Scientists at the University of Otago in New Zealand say they have discovered how viruses that specifically kill bacteria can outwit bacteria by hiding from their defenses. These findings are important for the development of new antimicrobials based on viruses and provide a significant advance in biological knowledge, according to the researchers.
Lead researcher Peter Fineran, PhD, professor, explained that the rise in multi-drug resistant bacteria is leading to the development of alternative therapeutics, including viruses (bacteriophages) that specifically kill bacteria. However, bacteria can become resistant to phages.
Phages are the most abundant biological entities on the planet and are important for global ecosystems, but they can also be used to kill bacterial pathogens, continued Fineran. To defend themselves from the phage invasion, bacteria have developed CRISPR-Cas defense systems, but the phages have come up with ways to avoid these bacterial defenses.

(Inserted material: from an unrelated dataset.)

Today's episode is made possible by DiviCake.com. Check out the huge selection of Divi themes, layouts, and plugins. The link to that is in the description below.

In the study, (“A jumbo phage that forms a nucleus-like structure evades CRISPR–Cas DNA targeting but is vulnerable to type III RNA-based immunity”) published in Nature Microbiology, the University of Otago team discovered a widespread method used by phages to hide from bacterial defenses. They discovered a “jumbo” phage which, as the name suggests, is very big, with hundreds of genes. This phage is not recognized by CRISPR-Cas defenses that would normally cut up the genetic DNA instructions to make many new phages.

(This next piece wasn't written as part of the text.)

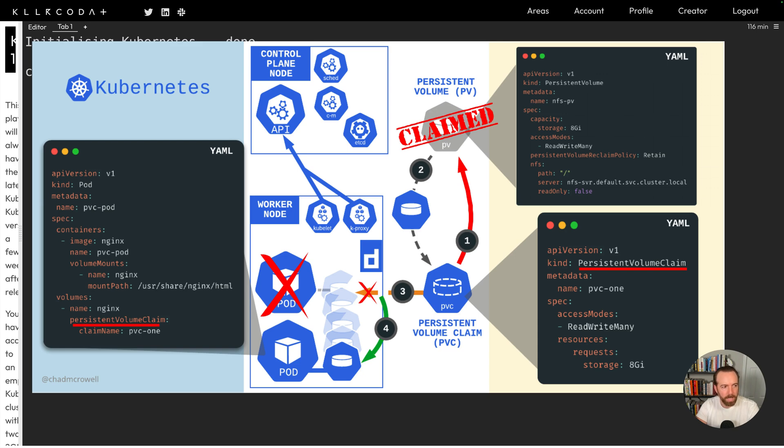Hello everyone, Chad here, and in this lesson we're going to talk about storage in Kubernetes, and more specifically, persistent storage.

“CRISPR–Cas systems provide bacteria with adaptive immunity against bacteriophages. However, DNA modification, the production of anti-CRISPR proteins, and potentially other strategies enable phages to evade CRISPR–Cas. Here, we discovered a Serratia jumbo phage that evades type I CRISPR–Cas systems, but is sensitive to type III immunity. Jumbo phage infection resulted in a nucleus-like structure enclosed by a proteinaceous phage shell—a phenomenon only reported recently for distantly related Pseudomonas phages. All three native CRISPR–Cas complexes in Serratia—type I-E, I-F, and III-A—were spatially excluded from the phage nucleus and phage DNA was not targeted,” the investigators wrote.